相談・苦情に応じ適切に対応するために必要な体制の整備

【3】相談窓口をあらかじめ定めること

【4】相談窓口の担当者が、相談内容や状況に応じて適切に対応できるようにすること。現実にセクシュアルハラスメントが生じている場合だけでなく、発生のおそれがある場合や、セクシュアルハラスメントに該当するか否か微妙な場合であっても、広く相談に対応すること。

事後の迅速かつ適切な対応

【5】事実関係を迅速かつ正確に確認すること

【6】セクシュアルハラスメントの事実が確認できた場合は、行為者及び被害者に対し、適切な措置を行うこと

【7】再発防止に向けた措置を講ずること(セクハラの事実が確認できなかった場合も同様)

【1】~【7】の措置にあたり併せて講ずべき措置

【8】相談者・行為者等のプライバシーを保護するために必要な措置を講ずること

【9】相談したこと、事実関係の確認に協力したこと等を理由として、不利益な取扱いを行ってはならない旨を定め、労働者に周知啓発すること

これらの措置は、企業の規模や職場の状況の如何を問わず、必ず講じなければなりません。まずは、セクシュアルハラスメントとは何かを定め、就業規則を見直し、相談窓口を定めましょう。小規模な企業であれば、まずは人事担当者の一人を相談窓口とするところから始めてもいいのです。重要なのは、単に形式的に窓口を定めるのではなく、労働者が利用しやすい窓口体制を整え、そのことを周知させることです。また、いざ相談があったときの留意点や対応手順、担当部署を前もってマニュアル化しておけば、適切かつ迅速な対応が可能となるでしょう。何から手をつけてよいかわからなければ、弁護士や社会保険労務士に相談することをお勧めします。

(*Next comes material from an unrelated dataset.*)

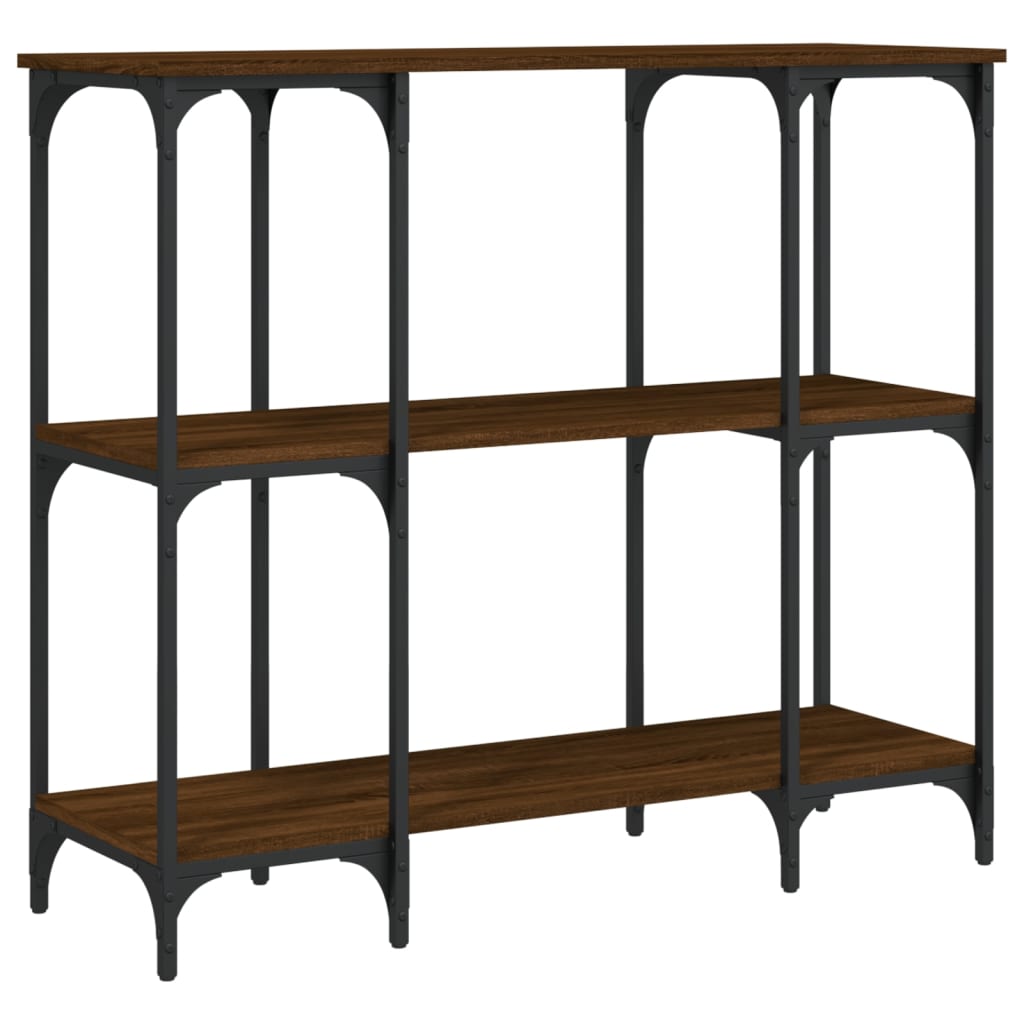 Brown Oak Console Table - Engineered Wood, 102x35x90 cm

対策措置を講ずることは手間がかかりますが、この手間が、ゆくゆくは企業価値を高めることにつながります。なお、企業がセクハラ対策を講じず、是正指導にも応じない場合には、厚生労働省による企業名公表の対象ともなります。これを機会に、就業規則等を再点検し、セクシュアルハラスメント防止措置を策定しましょう。

H19.05掲載

※掲載時点での法律を前提に、記事は作成されております。